** Opening GIVEN DATA block **
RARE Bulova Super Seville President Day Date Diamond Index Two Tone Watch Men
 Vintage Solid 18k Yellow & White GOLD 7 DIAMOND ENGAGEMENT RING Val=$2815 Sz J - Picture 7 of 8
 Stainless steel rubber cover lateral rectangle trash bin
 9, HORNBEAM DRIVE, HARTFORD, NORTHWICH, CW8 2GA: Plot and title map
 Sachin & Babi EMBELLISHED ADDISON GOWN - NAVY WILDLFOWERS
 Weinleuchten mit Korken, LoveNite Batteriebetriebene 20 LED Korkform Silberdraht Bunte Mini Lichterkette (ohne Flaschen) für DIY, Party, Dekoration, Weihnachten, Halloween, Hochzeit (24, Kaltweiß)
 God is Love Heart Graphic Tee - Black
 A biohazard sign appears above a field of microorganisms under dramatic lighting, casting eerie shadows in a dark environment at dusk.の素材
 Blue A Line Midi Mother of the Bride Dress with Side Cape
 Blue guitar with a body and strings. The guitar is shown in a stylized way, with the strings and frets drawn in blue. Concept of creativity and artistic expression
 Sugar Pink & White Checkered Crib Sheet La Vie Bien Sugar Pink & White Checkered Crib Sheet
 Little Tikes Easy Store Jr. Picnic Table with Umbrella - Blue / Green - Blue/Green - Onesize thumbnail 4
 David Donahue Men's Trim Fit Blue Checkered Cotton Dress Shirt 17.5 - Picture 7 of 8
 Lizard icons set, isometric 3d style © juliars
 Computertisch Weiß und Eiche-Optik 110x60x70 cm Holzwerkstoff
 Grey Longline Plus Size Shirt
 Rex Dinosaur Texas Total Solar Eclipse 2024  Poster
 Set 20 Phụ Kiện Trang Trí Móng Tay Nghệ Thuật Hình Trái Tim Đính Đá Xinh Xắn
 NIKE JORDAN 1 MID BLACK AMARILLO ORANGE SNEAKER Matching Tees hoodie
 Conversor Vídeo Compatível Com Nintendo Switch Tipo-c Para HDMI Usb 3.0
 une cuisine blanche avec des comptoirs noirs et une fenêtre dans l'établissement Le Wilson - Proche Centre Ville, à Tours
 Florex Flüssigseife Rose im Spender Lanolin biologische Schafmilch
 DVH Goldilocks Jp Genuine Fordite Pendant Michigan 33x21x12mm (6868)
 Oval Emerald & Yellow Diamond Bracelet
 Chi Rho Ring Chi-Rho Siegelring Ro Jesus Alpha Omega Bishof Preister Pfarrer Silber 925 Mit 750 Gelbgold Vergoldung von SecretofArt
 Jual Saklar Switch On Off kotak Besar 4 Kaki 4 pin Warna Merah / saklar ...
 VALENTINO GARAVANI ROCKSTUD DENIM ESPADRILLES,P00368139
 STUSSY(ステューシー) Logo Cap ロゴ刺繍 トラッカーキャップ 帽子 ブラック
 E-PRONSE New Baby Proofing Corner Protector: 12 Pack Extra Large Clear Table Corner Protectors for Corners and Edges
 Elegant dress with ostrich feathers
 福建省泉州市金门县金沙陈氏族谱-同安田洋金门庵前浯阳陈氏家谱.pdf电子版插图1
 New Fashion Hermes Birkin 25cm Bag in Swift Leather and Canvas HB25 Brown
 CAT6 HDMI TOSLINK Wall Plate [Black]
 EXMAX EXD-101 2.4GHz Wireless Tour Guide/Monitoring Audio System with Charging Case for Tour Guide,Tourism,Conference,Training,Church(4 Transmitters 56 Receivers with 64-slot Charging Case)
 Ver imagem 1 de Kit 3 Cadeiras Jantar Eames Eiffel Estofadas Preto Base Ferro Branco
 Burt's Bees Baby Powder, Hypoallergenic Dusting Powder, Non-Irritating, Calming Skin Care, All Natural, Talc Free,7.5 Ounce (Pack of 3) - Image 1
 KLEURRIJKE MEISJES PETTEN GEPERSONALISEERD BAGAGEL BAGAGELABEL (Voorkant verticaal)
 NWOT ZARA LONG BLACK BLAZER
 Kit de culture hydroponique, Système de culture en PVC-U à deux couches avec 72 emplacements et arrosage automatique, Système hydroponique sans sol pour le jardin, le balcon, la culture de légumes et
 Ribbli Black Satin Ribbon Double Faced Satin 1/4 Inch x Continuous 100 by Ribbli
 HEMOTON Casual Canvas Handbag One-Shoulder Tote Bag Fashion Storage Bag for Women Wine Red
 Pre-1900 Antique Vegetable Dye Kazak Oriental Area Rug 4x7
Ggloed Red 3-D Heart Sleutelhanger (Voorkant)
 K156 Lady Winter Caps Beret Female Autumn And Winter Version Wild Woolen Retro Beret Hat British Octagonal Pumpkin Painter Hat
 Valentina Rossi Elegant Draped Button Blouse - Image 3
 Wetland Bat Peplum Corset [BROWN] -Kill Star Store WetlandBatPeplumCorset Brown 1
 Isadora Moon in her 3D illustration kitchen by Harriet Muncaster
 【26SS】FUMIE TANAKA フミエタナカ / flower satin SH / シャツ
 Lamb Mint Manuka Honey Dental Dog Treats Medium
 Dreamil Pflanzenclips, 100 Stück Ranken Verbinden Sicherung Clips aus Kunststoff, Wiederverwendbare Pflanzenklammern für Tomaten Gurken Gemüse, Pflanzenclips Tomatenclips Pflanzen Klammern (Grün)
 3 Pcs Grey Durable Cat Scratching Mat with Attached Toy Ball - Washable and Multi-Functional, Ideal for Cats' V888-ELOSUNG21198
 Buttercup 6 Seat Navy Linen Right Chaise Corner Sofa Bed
** Closing GIVEN DATA block **
TASK DESCRIPTION
Report how many lines in the records hold the word "Elegant", giving the number and nothing else.

RESPONSE TO THIS TASK
2